La prosa de Patricia Heras, cuando retoza adolescente revolcándose con la tribu amiga, recuerda al colombiano Andrés Caicedo, artista multifacético, también suicida y urbano. Su ansiedad abismal, su sosiego imposible, su prisa por contar lo que necesita ser contado antes de que se apague la última luz, la ubica junto a la dramaturga Sarah Kane, de quien creo que Patricia Heras se habría hecho amiga.
Y con esa idea de amistad, de juntura, querría terminar esta reseña.
Hace unos días, María Galindo, integrante de Mujeres Creando, publicó el texto “Desobediencia, por tu culpa voy a sobrevivir”, donde proponía “repensar el contagio”.
Repensarlo para hacerlo propio, comunitario. Repensarlo para vencerlo, porque no es ficción ni distopía: es nuestra existencia y quizás nuestra fragilidad sea demasiado frágil como para dejarla solo en manos del Estado.
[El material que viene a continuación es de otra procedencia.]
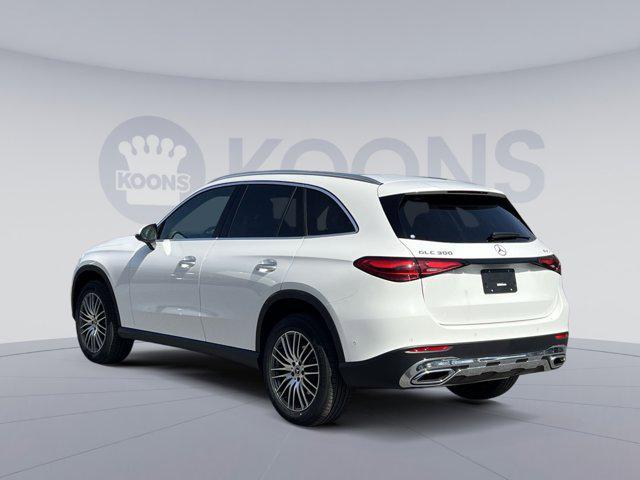new 2026 Mercedes-Benz GLC 300 car, priced at $54,685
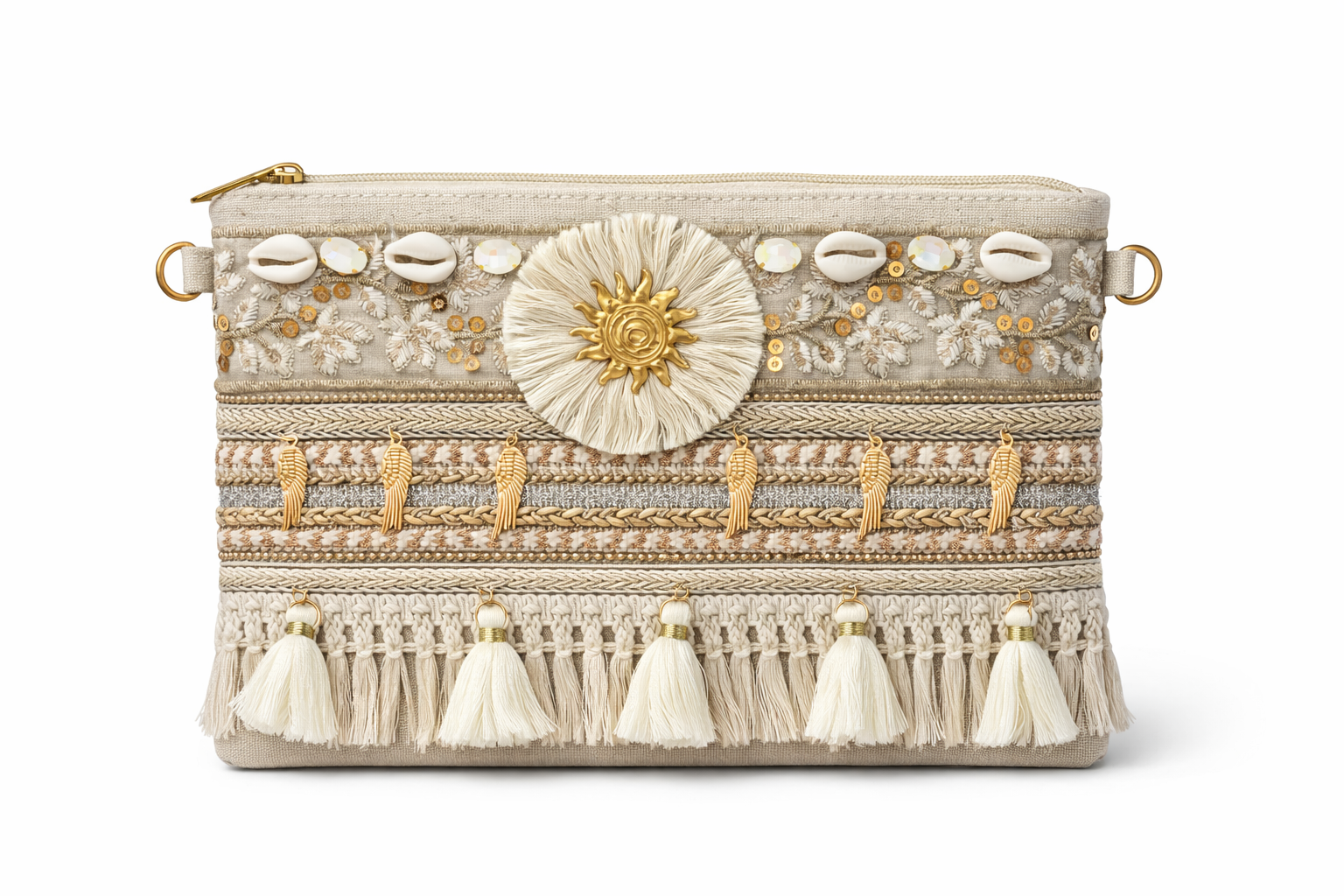 Pochette Bohème Soleil ☀️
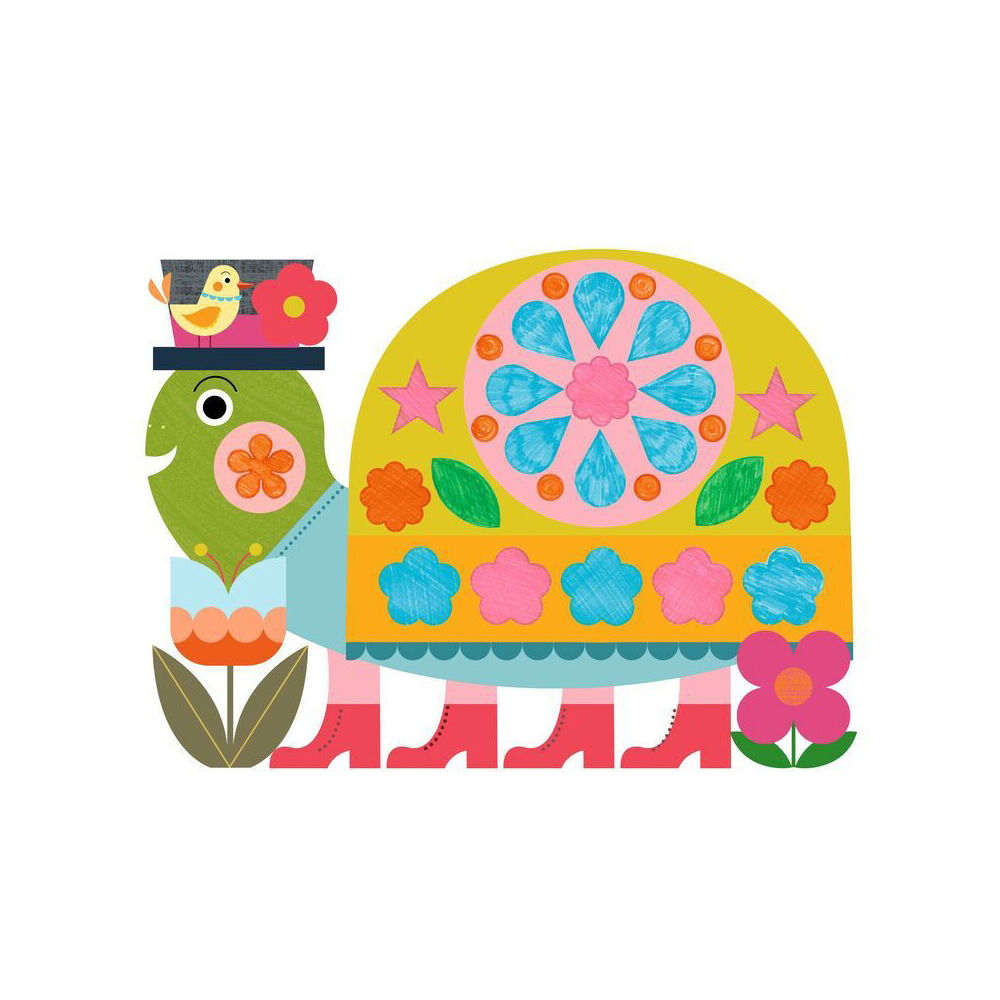 Djeco Neat But Fun Drawing w/ Stencils Activity Art/Craft Kit Kids 3y+ (14 Pieces) — image 2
Leyendo a Patricia Heras dan ganas de dejarse contagiar por su escritura. Ganas de no amoldarse y no dejarse atomizar. Ganas de amar en estos tiempos de encierro y distancia. Ganas de trabajar por la belleza y lo común mientras esto pasa, y cuando haya pasado. Poeta Muerta, de Patricia Heras, es un libro redondo y complejo, transparente y duro como una roca preciosa.